▶ EXERCISE AIM
No pictures in the copy, please: retype all the records exactly.

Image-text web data
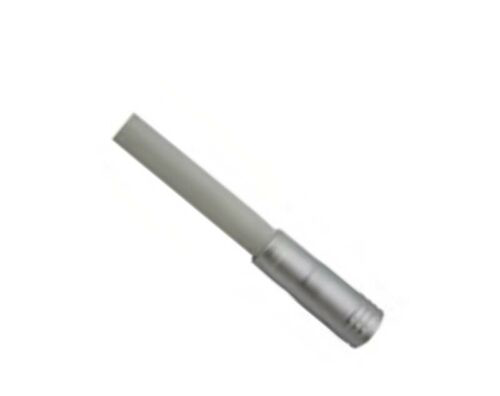 ADS 4 Hole Hp Straight Asepsis Assembled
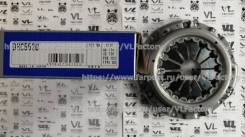 ������� ��������� Exedy Subaru Toyota DHC552U 30210-KA211 DHC552U ����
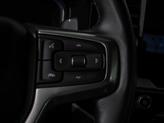 Thumbnail of 2024 Black Chevrolet Silverado 1500
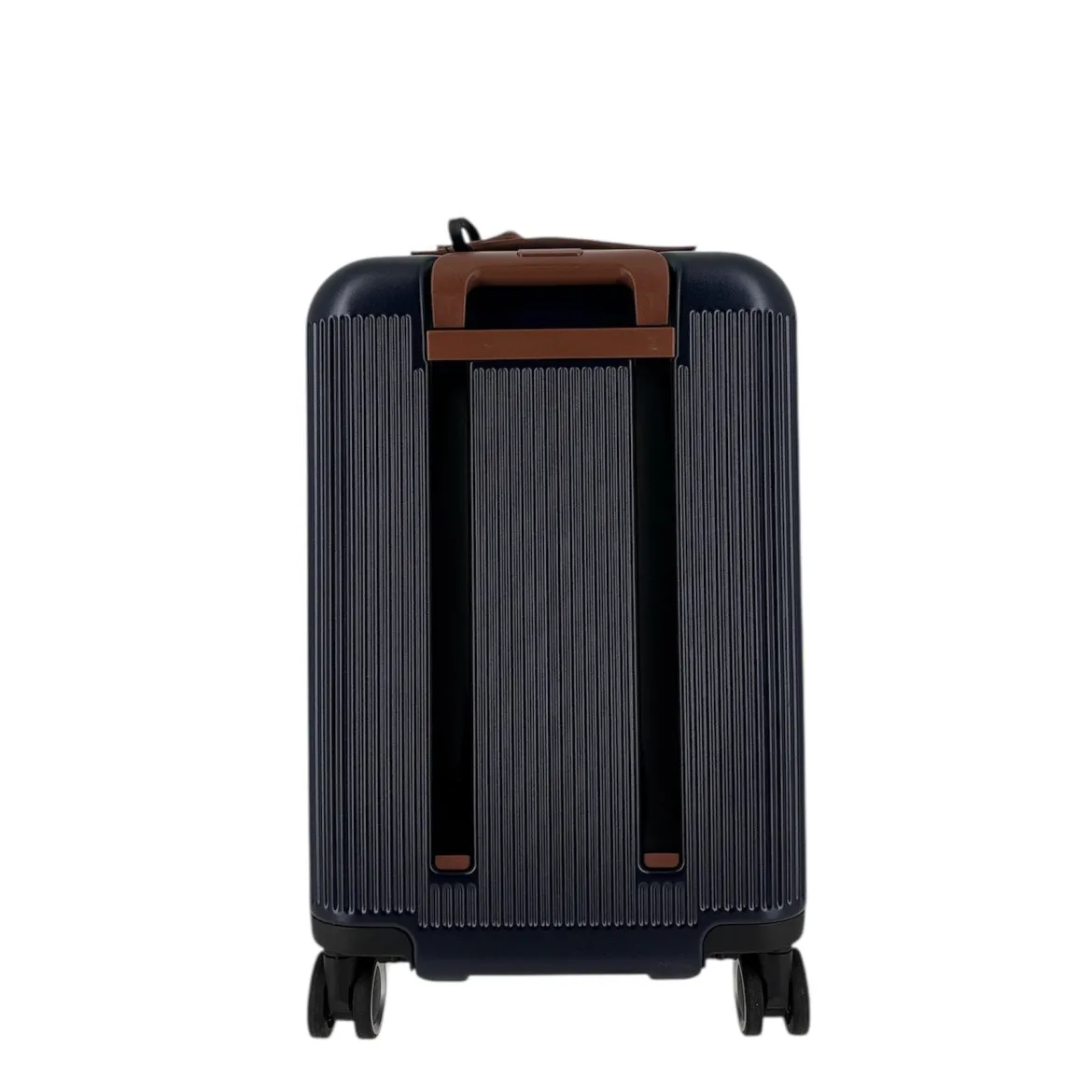 Valise Green AF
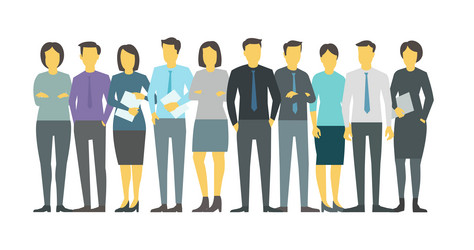 Similar image 14232755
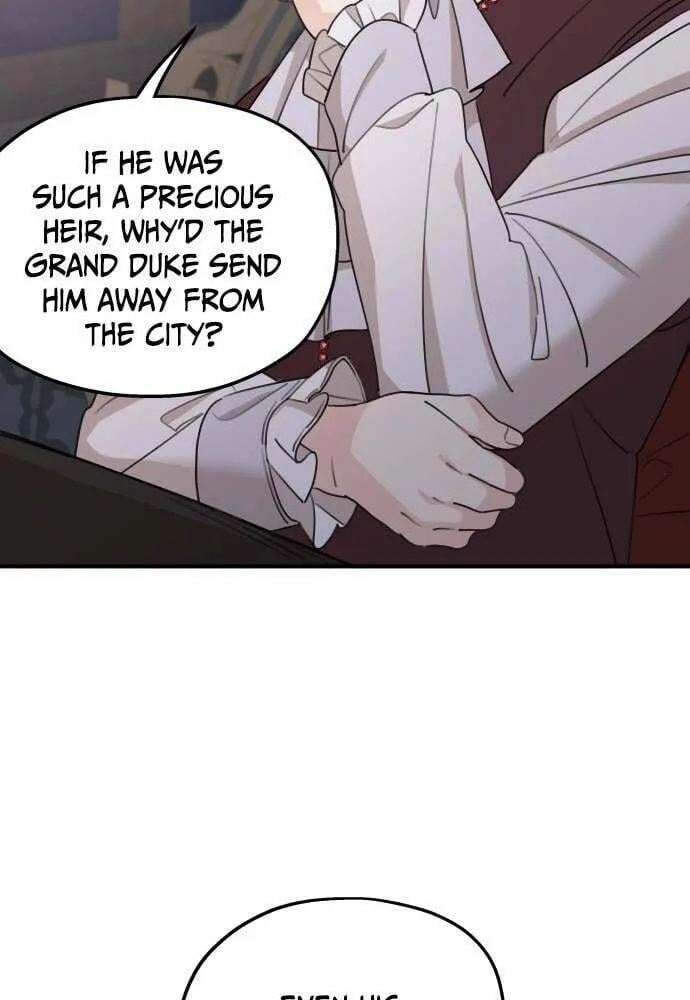 My In-Laws are Obsessed with Me Chapter 49 page 88 - 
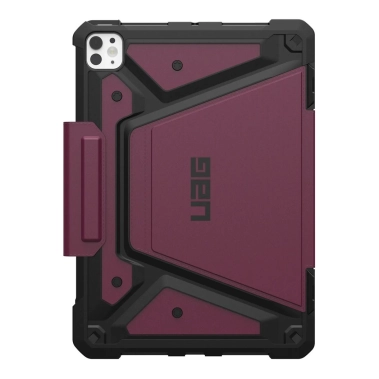 Чехол UAG Metropolis SE for iPad Pro 11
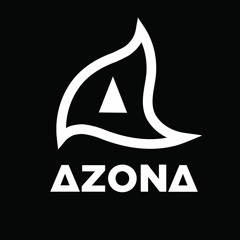 AZONA RECORDS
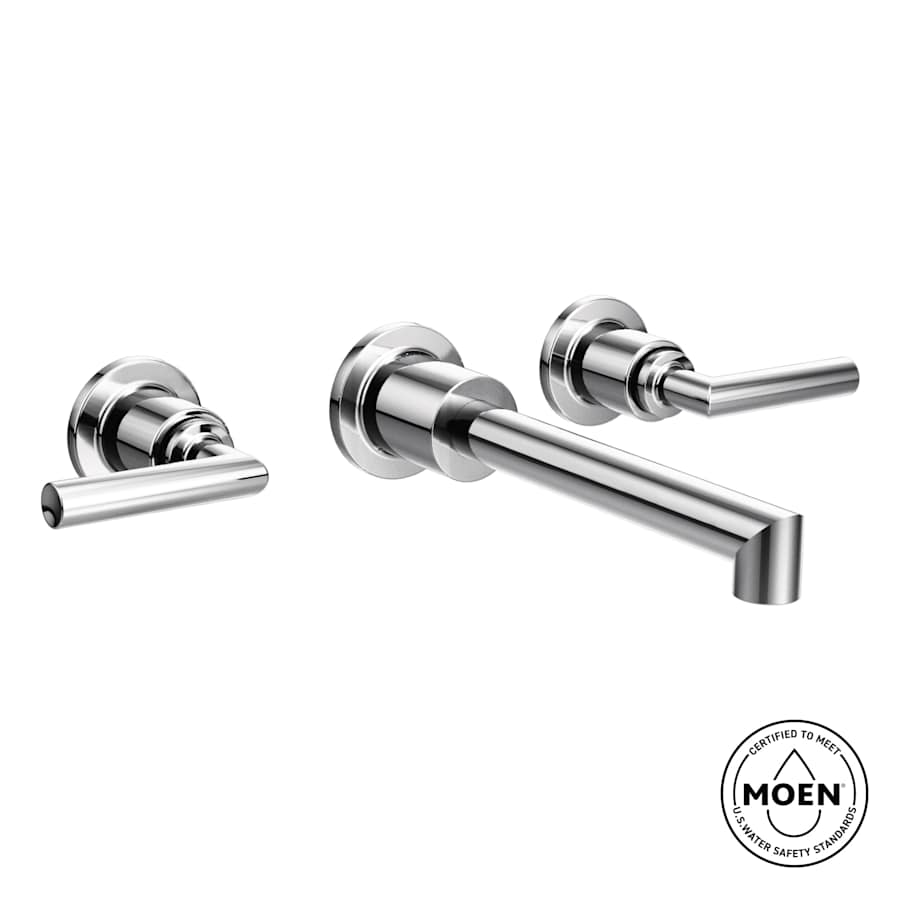 moen-ts43003-certified-water-safety-1884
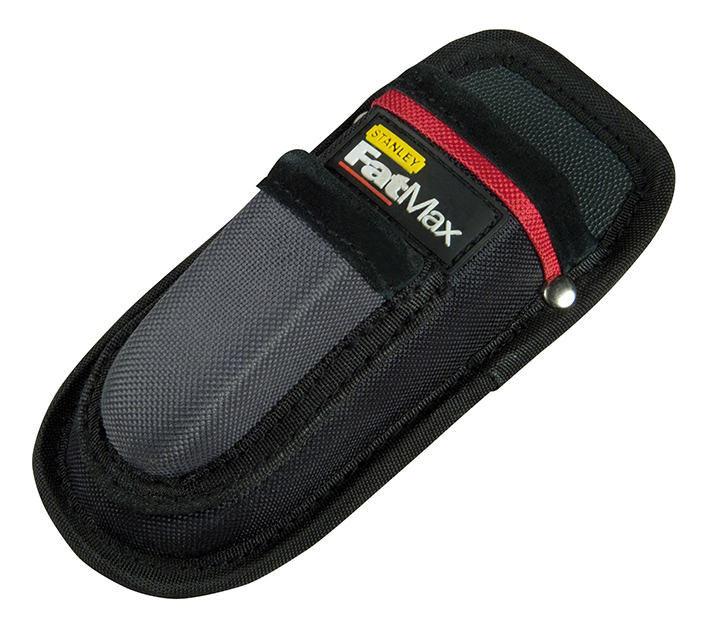 Messerholster Fatmax
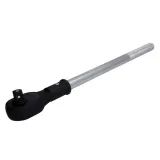 grzechotki-toptul-chnc2420-waga-z-opakowaniem-2-02-kg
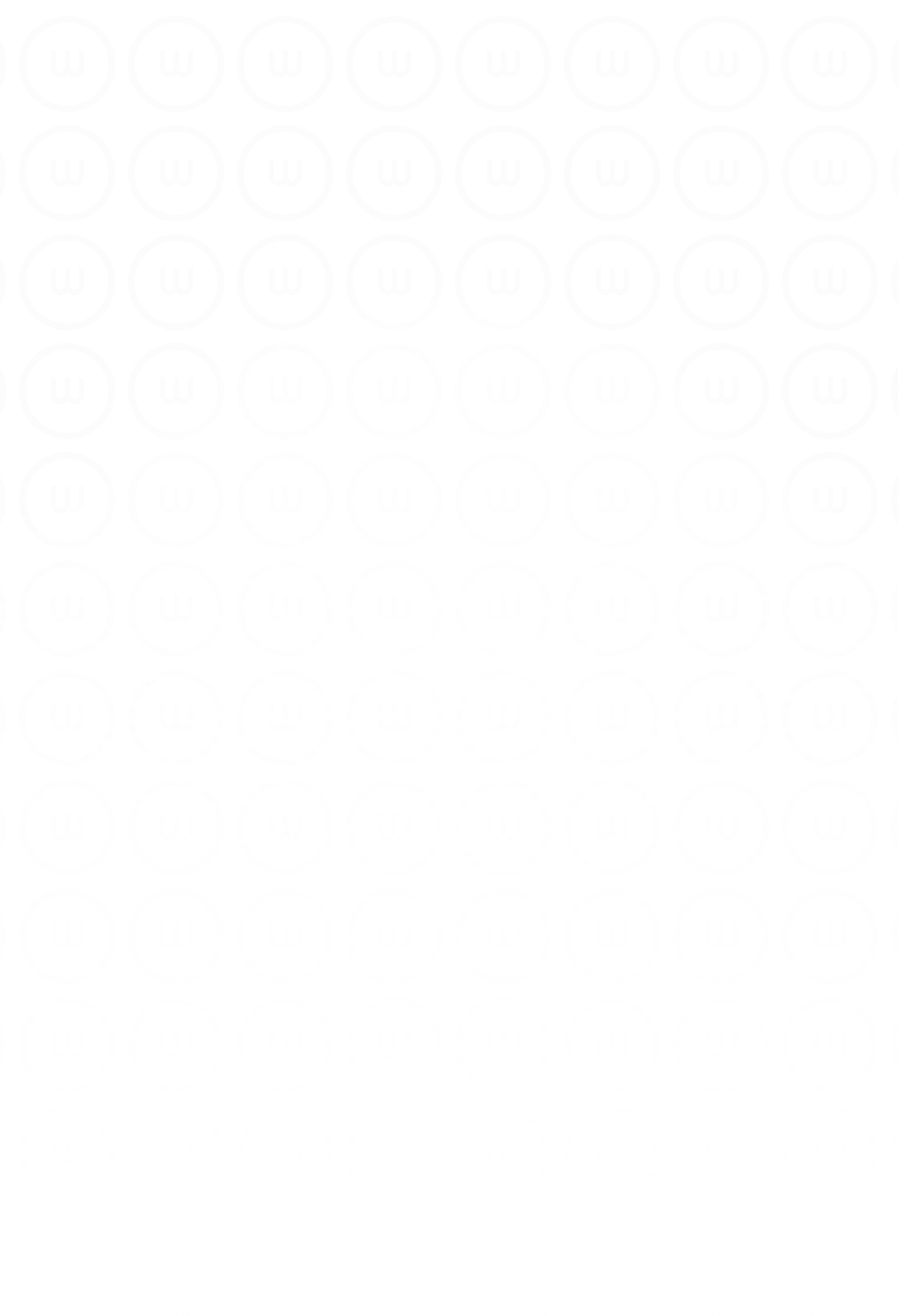 product-pattern.png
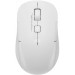 A4Tech Мишка A4Tech FG16CS Air2 Wireless White (4711421998604)
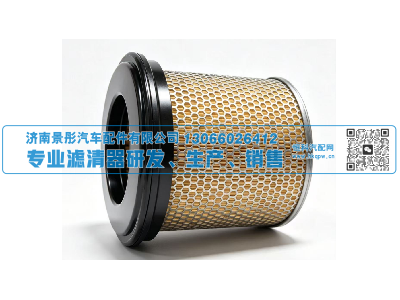 C27585/3 PA4942  P776286  AF1829,空气滤清器,济南景彤汽车配件有限公司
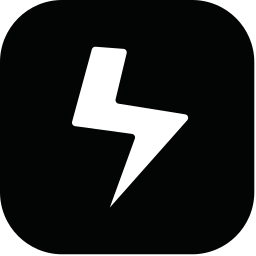 Light icon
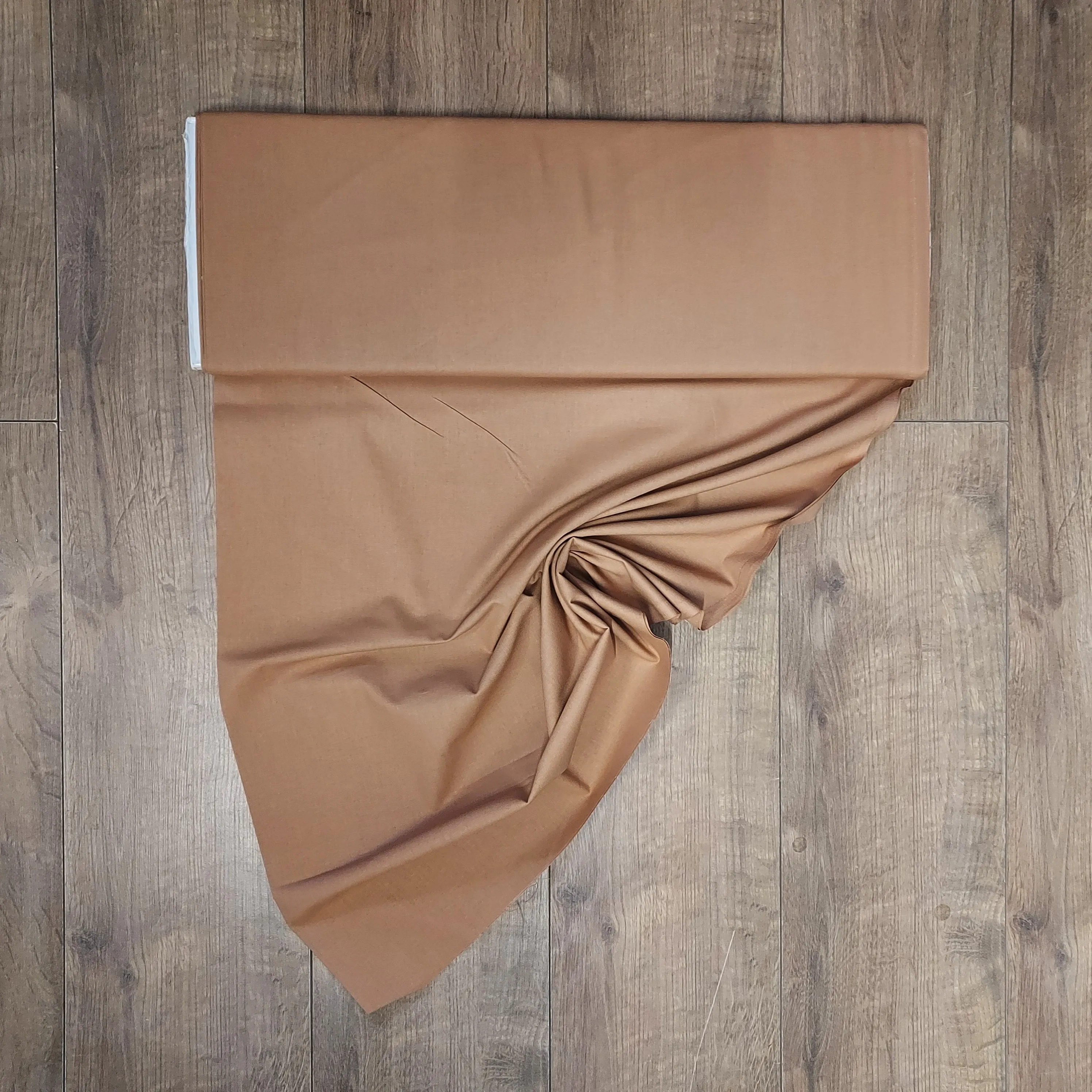 Klona Craft Cotton Fabric - Various Colours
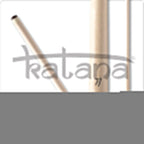 Katana 1 Performance KATXS1 30in Pool Cue Shaft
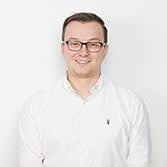 Joel Murphie photo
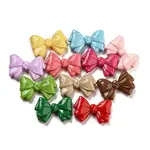 Baking Paint Opaque Acrylic Beads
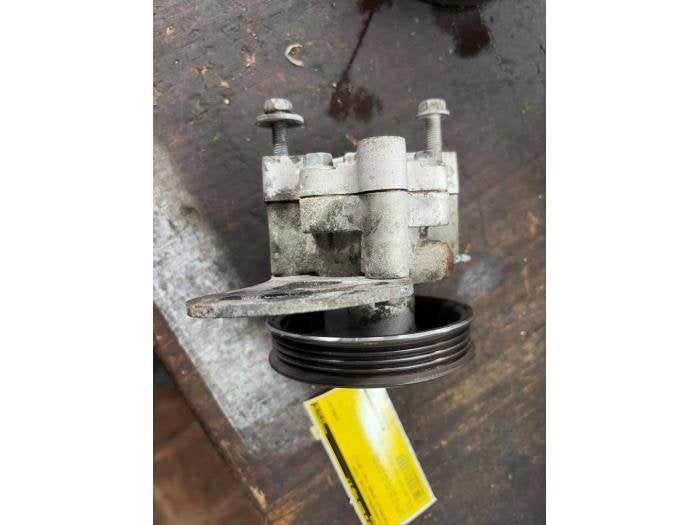 Pompe direction assistée d'un Chevrolet Spark, -, 3 mois de garantie, Utilisé, -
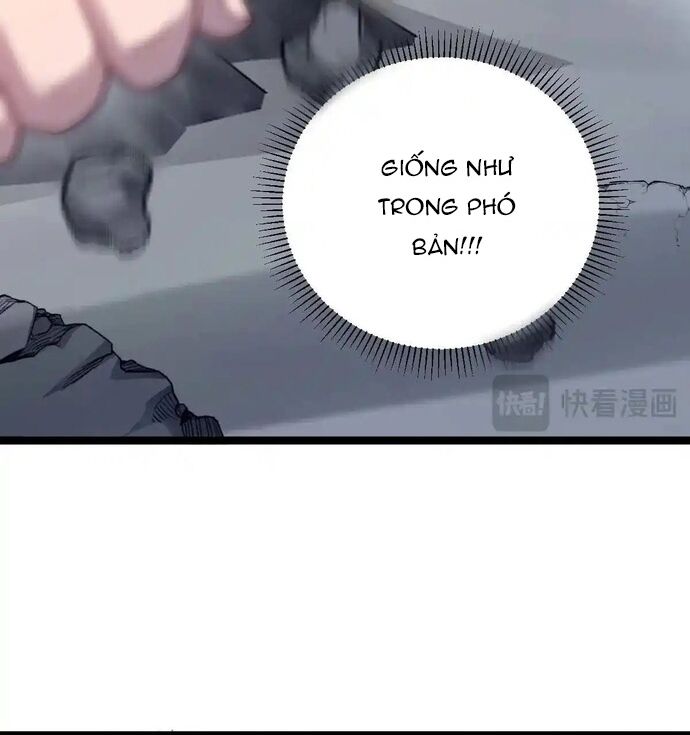 Vô Hạn Hồ Sơ Chương 78 Ảnh 8
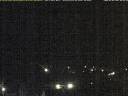 Vorschaubild von 09.05.2026 00:56
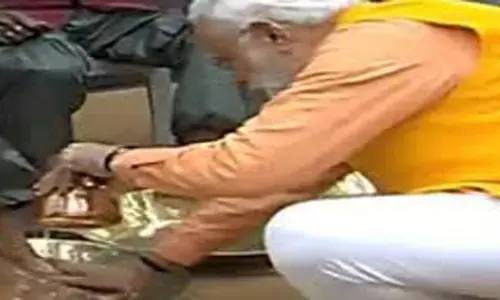 narendramodiprimeminister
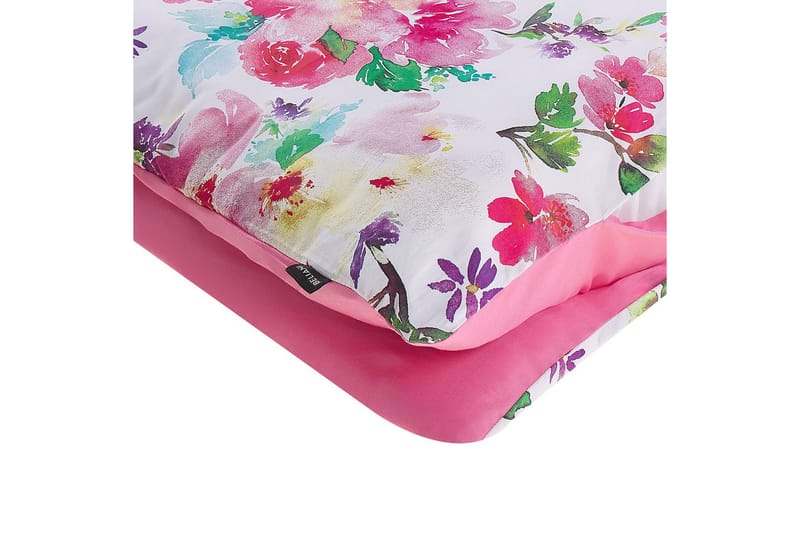 Påslakanset Larynhill 220x155 cm - 220x155 cm - Textil & mattor - Sängkläder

▶ RESPONSE TO THIS EXERCISE
 ADS 4 Hole Hp Straight Asepsis Assembled
 ������� ��������� Exedy Subaru Toyota DHC552U 30210-KA211 DHC552U ����
 Thumbnail of 2024 Black Chevrolet Silverado 1500
 Valise Green AF
 Similar image 14232755
 My In-Laws are Obsessed with Me Chapter 49 page 88 - 
 Чехол UAG Metropolis SE for iPad Pro 11
 AZONA RECORDS
 moen-ts43003-certified-water-safety-1884
 Messerholster Fatmax
 grzechotki-toptul-chnc2420-waga-z-opakowaniem-2-02-kg
 product-pattern.png
 A4Tech Мишка A4Tech FG16CS Air2 Wireless White (4711421998604)
 C27585/3 PA4942  P776286  AF1829,空气滤清器,济南景彤汽车配件有限公司
 Light icon
 Klona Craft Cotton Fabric - Various Colours
 Katana 1 Performance KATXS1 30in Pool Cue Shaft
 Joel Murphie photo
 Baking Paint Opaque Acrylic Beads
 Pompe direction assistée d'un Chevrolet Spark, -, 3 mois de garantie, Utilisé, -
 Vô Hạn Hồ Sơ Chương 78 Ảnh 8
 Vorschaubild von 09.05.2026 00:56
 narendramodiprimeminister
 Påslakanset Larynhill 220x155 cm - 220x155 cm - Textil & mattor - Sängkläder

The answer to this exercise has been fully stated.